When we look in the metastatic setting, there have been trials trying to study inflammatory cytokines and their impact on chemotherapy and inducing an immune response. We did an early clinical trial that was published more than 15 years ago combining alpha interferon with 5-FU [5-fluorouracil] and cisplatin as the frontline treatment of metastatic bladder cancer. We did a randomized trial comparing it with traditional MVAC [methotrexate, vinblastine, doxorubicin, and cisplatin], and we found a regimen that had efficacy—there were definitely responses—but it was more toxic compared with traditional MVAC [methotrexate, vinblastine, doxorubicin, and cisplatin].

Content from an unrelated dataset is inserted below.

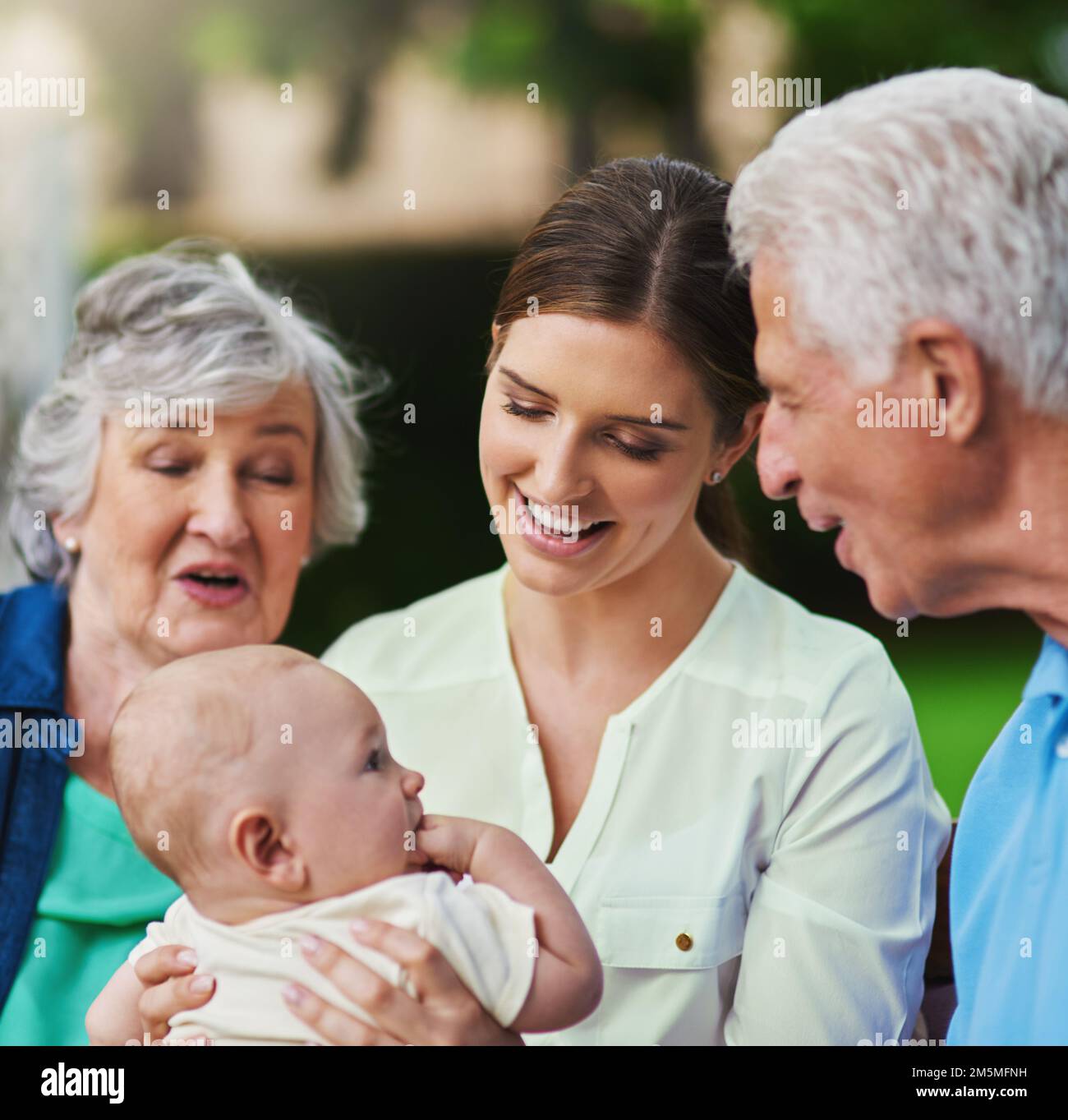 Ils ne peuvent tout simplement pas obtenir assez de sa cutesse. une famille de trois générations passant du temps à l'extérieur. Banque D'Images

So the typical inflammatory cytokines have not had a toxicity profile that have allowed us to give them safely in a large number of patients. Imagine your frail, elderly grandmother or grandfather trying to go through toxic therapy that drops their blood pressure, makes them feel flu-like symptoms. There’s clearly a reason why the older style of inflammatory cytokines failed in this setting. With the use of this pegylated form targeting IL-2, it really has the toxicity profile that is needed to give it systemically, observe long-term effects through durable sustained expression of it in the circulation, and then target the immune response that is needed to attack cancer.

So I think these novel strategies play on a lot of our old hopes and failed treatments. But we’re now giving them in a more targeted fashion and a less toxic fashion, and as we’re seeing, early evidence shows that they have the potential to impact the lives of our bladder cancer patients.

Transcript edited for clarity.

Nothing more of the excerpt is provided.